Difference book >< actual modern construction


  • If you use the airfoil mentioned in the book, you MUST use the rotating rear wing too.
  • There are two airfoils which are mostly used to replace the old airfoil. NACA 23112 and HM 3.40.13 .
  • There are several ways to construct your ribs. The way mentioned in the book is OK. The ribs have to stay in the jig, so you can made two each day (one in the morning and one in the evening, rest of the time is glue drying time). But there are others that might work a bit faster.
    • Polystyrene rib: easy, less expensive, need for a hotwire (disadvantage), able to make a large number in a single day.
    • Croses rib: Easy, little bit more expensive, able to make two each time, so four each day.
    • The Open Pou system. I designed it inspired by the work of a old flying flea builder. Beware. These ribs were never tested on strength yet.
  • Bruno Corbeau gave me some other advise: d) "Use a fly-tested reflexed airfoil. With the NACA 23112 or the Mignet 34013, the main spar must be located at 21.6 - 22% of chord. Locating it at 25% would be much dangerous."

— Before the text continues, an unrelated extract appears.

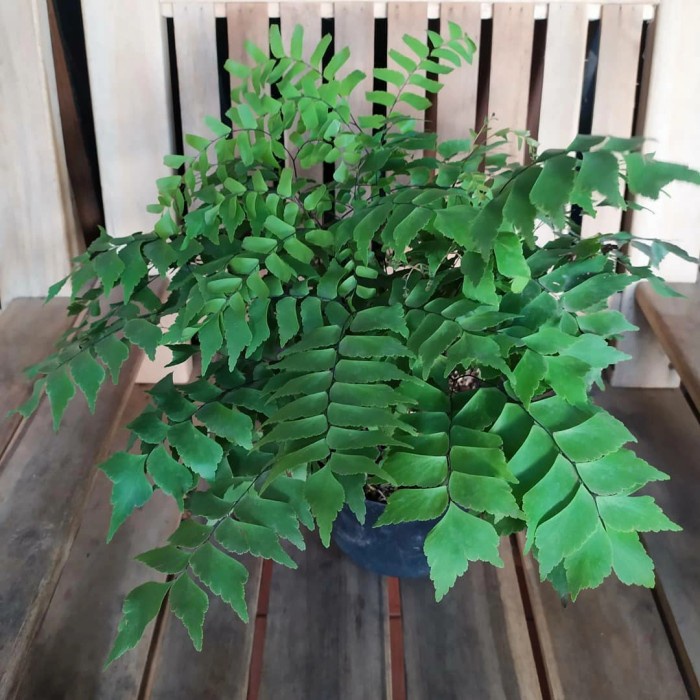murah- Tanaman gantung suplir gajah - tanaman hias suplir daun besar - suplir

  • 100% like the book is OK. Others proved in the past that they can enter. But ... You can find plans on the internet of new sides. It will make the cockpit larger. It will make entering the cockpit a lot easier. Also you are able to place more commands like brake pedals.
  • Parts 86 in figure 133 should be glued vertical and not horizontal. Go see here.
  • Bruno Corbeau added:
    • "The plywood sides could be drawn larger. A possible design is shown here (at the bottom of the linked article) : .
      This design should be mocked up before building it. Be careful not to locate the back of the seat too aft, as the pilot could be uncomfortable with the back of his legs. [editor: you will see in the construction guide pictures of the fuselage of the HM14, that the seat is a very long one. So, the calves of your legs might touch it. And that is not very comfortable.] The back of the pilot seat and the lyre-shaped part (front point) could be enlarged as well. Keep the original angle between the two assembled sides : about 5-6°.
    • The lyre-shaped front point could be built with laminated fir lathes, instead of being cut out with a saw from a plank of hard wood. It will be much lighter and stronger.
    • The lathes # 20, 35 and 46 must be drilled before assembly.
    • The plywood parts #70 (pic. # 129-130) may be laminated on the curved sides, but do not glue them on the sides yet : protect the sides with adhesive tape to prevent the glue curing on them. After lamination, remove the two curved bows and sand their upper face properly to ease the assembly of the feet planking of the cockpit (#71).
    • A small error in numbers occured on page 247, figure 117. At the bottom of the figure you see 800+1900=2800. Everybody knows that it has to be 2700.

Landing gear

  • The one of the book is OK. A bit heavy, but still OK. It makes the CG be low at the ground. And that helps in ground maneuvers.
  • Nobody made yet a trigear. Possible reason: it would look ridiculous to mix such a retro airplane with a trigear.
  • Several made a higher landinggear. It gives the advantage that you no longer need to worry about mole-hills. But it places the CG  higher and your wingtips higher too. Will you be able to open them with a ladder? Besides ... my HM14/360 can hardly fit on a normal garage (I needed to adjust my door opening). Placing the airplane on higher legs will make it impossible.
  • Bruno Corbeau adds here:
    • "The main landing gear could be a 40 mm x 36 mm 4130 steel tube, much lighter than the doubled tubes shown in the book."


Bruno Corbeau added:

  • "The rear wing must be bolted on the fuselage : you need two fixation points for the main spar and two for the small spar. Hard wood blocks have to be added to the fuselage to reinforce the fixation points.
  • The wings spars must be built like they are on HM360 or HM293 models. They are much stronger than the 1934-36 spars.
  • Keep all the struts (front + rear) designed in the book : it is most important for the stiffness of the fuselage."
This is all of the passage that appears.